Donna Haraway, in her book Staying with the Trouble, describes such distress (on the eve of the climate crisis) as the creation of “unexpected collaborations and combinations” between the human and complementary human6 entities that make up this planet. Her worldings are interested in interconnections and cooperations in which various beings, species, technologies, forms of knowledge, and other factors of the world we inhabit intertwine and inform each other.


Therefore, this call is open to works and reflections that deal with the worlding of the hydrosphere: which seek, imagine or build paths of unexpected collaborations and combinations with the web of Earth’s waters and all that makes and inhabits them. We are interested in works that create a kinship with tides, periwinkles, seabed sediments, migratory fish shoals, seawater mythologies, transparency of jellyfish bodies, rising ocean levels, prehistoric glacier paths, submerged remains of human civilizations, evolutions of marine organisms…
We would like to discuss the role and importance of the sea for human civilization now and throughout history, identify existing places of mutual respect and start building new ones where they are lacking or replacing those that are harmful.

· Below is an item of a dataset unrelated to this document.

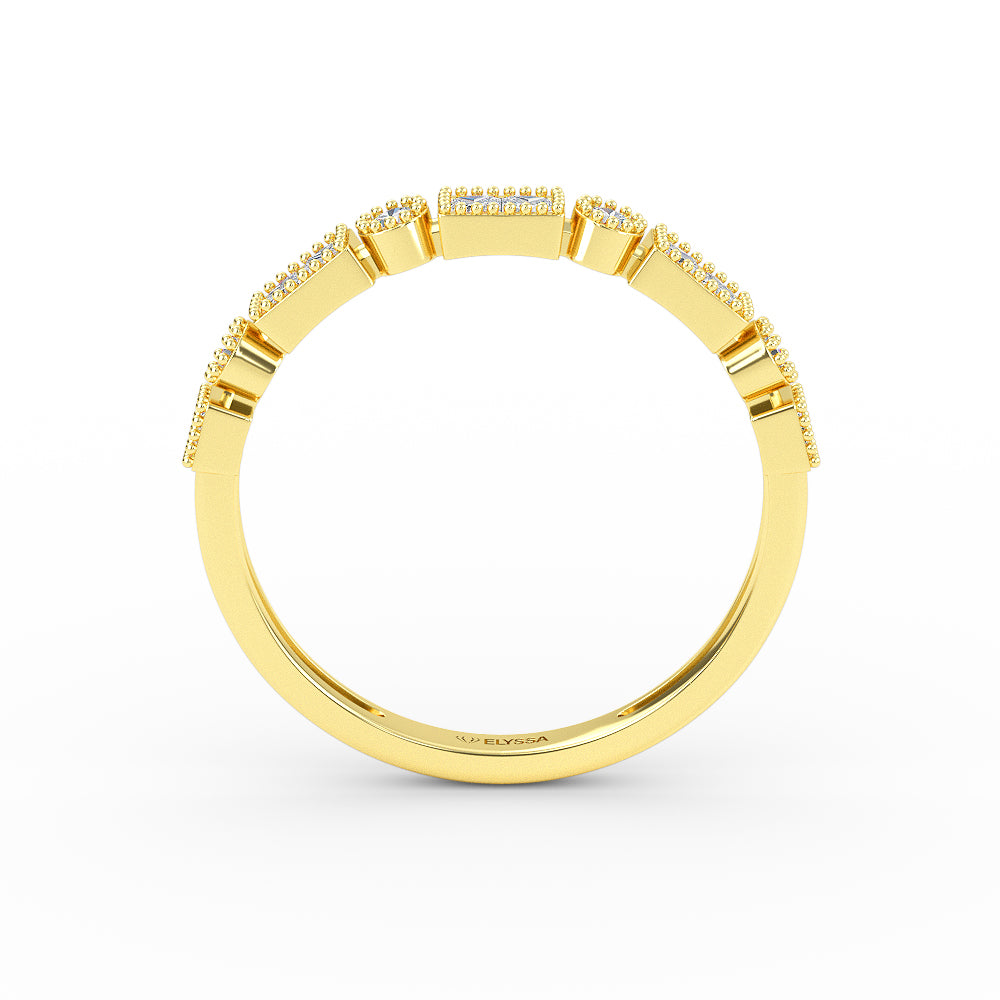 14K Gold Half Eternity  Princess Cut and Round Cut Diamond Wedding Band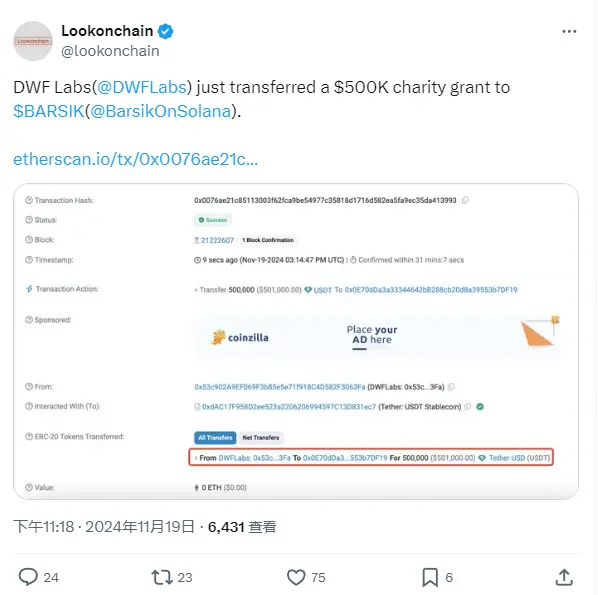 DWF LabsはBARSIKに50万ドルの慈善寄付を転送しました。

Staying with the trouble – everyday, complicatedly, imperfectly – is not just about getting used to the inconvenience, but about finding a way to practice the imagination that lives outside the usual logic of capitalism. Imagination that is able to imagine which ways of living, connecting and acting could mitigate the effects of the climate crisis and build futures that are more sustainable, careful, and ways to reach them. It is clear that environmental disasters are not so much a problem of lack of technology, but a problem of the absence of global relations and political will. The threat of climate crisis can be removed with the help of our sciences and technologies. But if the aspect of changing society, economy, culture, political practices, and the way we interpret our physical (and other) environment is missing, we can only postpone disaster and find ourselves again in this same (or worse) place for a decade or century. What matters is what thoughts we use to think about ourselves.


Imagination that is able to illuminate such spaces which we need in order to heal the Anthropocene and to find a way out of its dangers is an imagination that seeks to find practices of coexistence, adaptation, care, community formation, human and complementary human symbiosis and cooperation, compromise, care and all other “the art of living on a damaged planet.” It is an imagination capable of telling the stories of the seabed, protozoa, phytoplankton, and the fragility of mountain ranges, or Mediterranean shores, just as it is capable of telling the fragility of human bodies and ways of social reorganization. We would like to encourage similar stories and artistic reflections with this call, focusing on interdisciplinary, innovative, new media and related artistic practices.


If all we can imagine is a slightly “better” version of the Anthropocene in which new technologies allow us to continue using the same human and planetary resources we are witnessing today if we cannot imagine a different, more sustainable future we want to live in – then how do we expect to know the way for escaping from this point of living in climate danger?


What matters is what stories we tell about the future.